Fueron desmantelados todos los instrumentos de la tiranía y se convocaron a elecciones presidenciales para el 20 de diciembre de 1962.
Triunfó ampliamente en ellas el profesor Juan Bosch y asumió el mando el 27 de febrero de 1963 en medio de grandes festejos populares. En esa ocasión me permití aconsejarle, por su propia seguridad, que pasara a retiro al alto mando militar trujillista. No lo hizo. Y fue depuesto siete meses más tarde por una conjura cuartelera originada en la negativa del gobernante a autorizar la compra de una flotilla de aviones de combate, negocio en el que tenían sospechoso interés unos cuantos generales y coroneles de la vieja guardia trujillista, a quienes el gobierno democrático, según explicó Bosch en uno de sus libros, “no les permitía seguir cobrando el 10 y el 15% de comisión en las compras, no les aceptaba recomendaciones de familiares en los cargos públicos, no les exoneraba automóviles ni ropa ni muebles”. Desde el exilio en San Juan de Puerto Rico, Juan Bosch me escribió una carta el 19 de febrero de 1964 en la que, recordando aquella sugerencia, me decía: “El burro, según dicen los campesinos de mi país, no tropieza dos veces en la misma piedra; yo no estoy dispuesto a tropezar por segunda vez”.
Un triunvirato presidido por Donald Reid Cabral surgió de la asonada, pero un año y medio más tarde estalló la guerra civil que enfrentó a las huestes de la dictadura contra las fuerzas constitucionalistas conducidas por el coronel Francisco Caamaño Deñó, como jefe militar, y por el joven y valiente líder del Partido Revolucionario Dominicano José Francisco Peña Gómez, como jefe civil, quienes buscaban la restitución del poder al profesor Juan Bosch.
Ante el evidente triunfo de las fuerzas constitucionalistas llegó a la costa dominicana el 28 de abril de 1965 el portaaviones estadounidense “Boxer” y de su cubierta desembarcaron los marines para detener la insurgencia popular e imponer el “gobierno de reconstrucción nacional” del general Antonio Imbert. La ocupación militar, cohonestada por la OEA, se prolongó hasta fines de junio del año siguiente.

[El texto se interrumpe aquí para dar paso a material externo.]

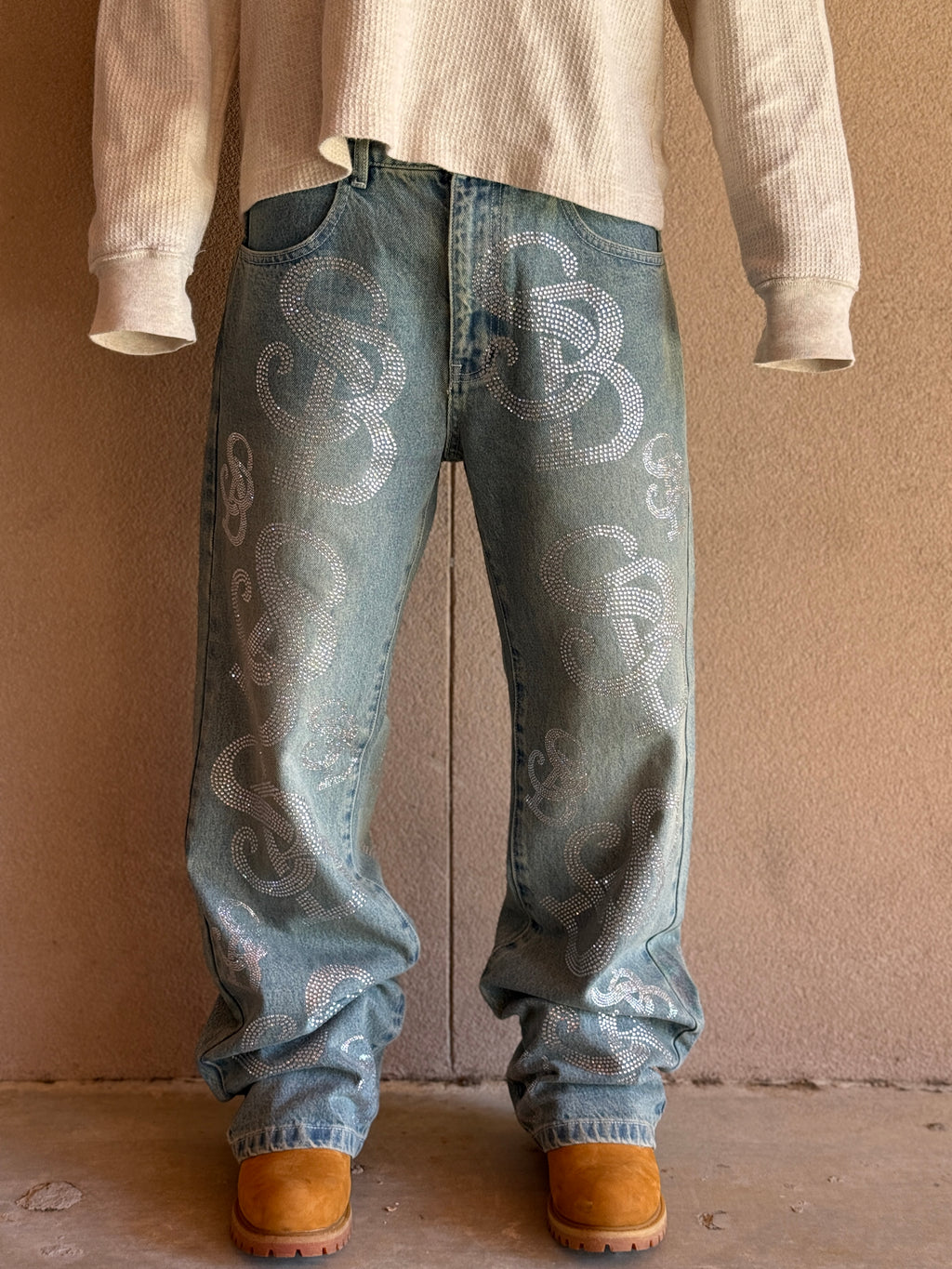 Superstar Blue Denim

La razón exhibida por el gobierno norteamericano para la intervención militar fue que la insurrección tenía carácter “comunista”, cuando bien conocida era la tendencia socialista democrática de sus líderes. El propio Juan Bosch estaba a la sazón exiliado en San Juan de Puerto Rico, o sea en territorio controlado por Estados Unidos. Fueron los residuos del macartismo en las esferas oficiales norteamericanas los que llevaron a este exceso.
anticomunismo exagerado e irreflexivo, inspirado en las palabras del Senador republicano Joseph McCarthy, quien en 1950 estremeció a la opinión pública norteamericana y mundial con su infundada afirmación de que en el Departamento de Estado —Ministerio de Relaciones Exteriores de su país— había 57 funcionarios comunistas afiliados y 205 empleados filocomunistas.